The invaded Australians

Submitted by Matthew on 19 November, 2013 - 7:34

In June 2007, “remote Aboriginal communities in the Northern Territory were invaded and martial law imposed”. So Diane Fieldes put it in the Australian journal Socialist Alternative, and she wasn't wrong.

Six hundred troops were deployed. Aboriginals faced compulsory acquisition of townships; the “quarantining” of a proportion of their welfare benefits; new restrictions on alcohol; and the closure of government programmes which gave some of them part-time employment.

In its initial form, pushed through by John Howard's conservative government in the run-up to the 2007 federal election, this “intervention” included a clause exempting the government from Australia's own Racial Discrimination Act. That was (eventually, in 2010) changed by the Labor government which followed, but the basics of the “intervention” remain in force.

The measures were justified by panic claims about child abuse in Aboriginal communities.
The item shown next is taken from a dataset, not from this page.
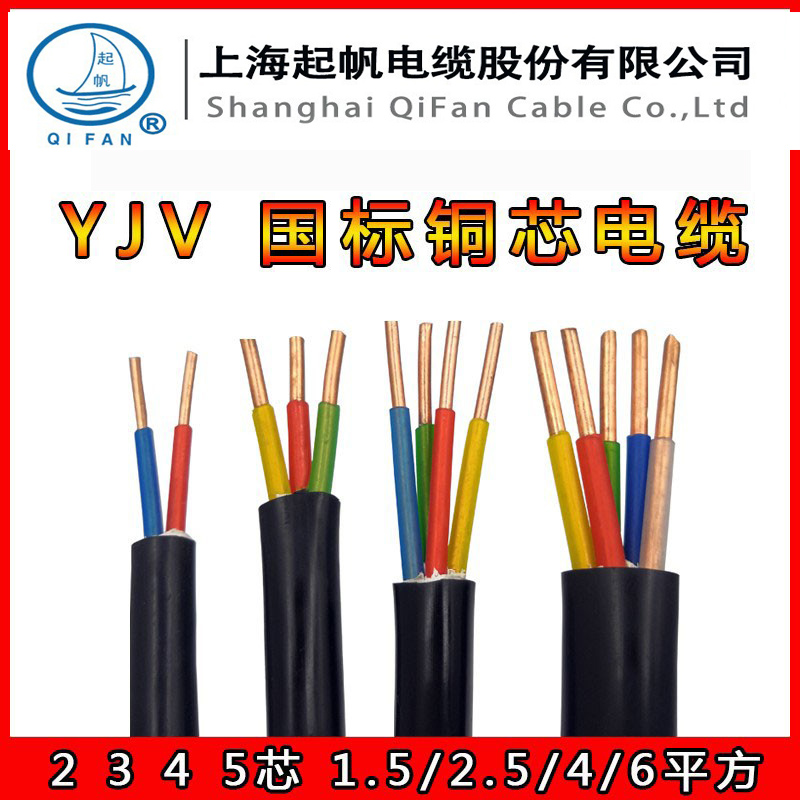 Shanghai Qifan cable national standard YJV hard core power cable 2 3 4 5 core 2 5 4 6 10 square copper core wire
Since then, not a single specific prosecution for child abuse has resulted from the measures.

Again, Aboriginal Australians, overall, drink less alcohol than non-Aboriginals. Twice as big a proportion of Aboriginal Australians as of non-Aboriginals don't drink alcohol at all. More Aboriginals have their health dramatically damaged by binge-drinking. That is because of the social conditions they live in, and to be remedied by changing those conditions, not by troops and police.

The intervention is the centrepiece of John Pilger's new film, Utopia. Around it he adds coverage of other issues: the massacres of Aboriginals by early white settlers; the Stolen Generation of lighter-skinned Aboriginal children taken from their parents to be brought up in white families; the campaigns against Aboriginal deaths in police custody. (Indigenous people are a quarter of the prison population of Australia, though only 3% of the general population).

The film is given an odd tone by being narrated throughout by Pilger himself. Since he has, somehow, lost his Australian accent and got an oddly drawling, posh English one, and is now 74, the story comes across somewhat as an elderly gentleman travelling round Australia, and being naively shocked at conditions in Aboriginal communities and by racist attitudes or bureaucratic stonewalling from white Australians.

Pilger gives Arthur Murray, a one-time Aboriginal union organiser and then a campaigner on deaths in custody, a chance to speak on film, but most of the Aboriginals in the film come on screen as helpless paupers in remote communities or as members of the small minority of Aboriginals who have got jobs in the media or the art world or official structures.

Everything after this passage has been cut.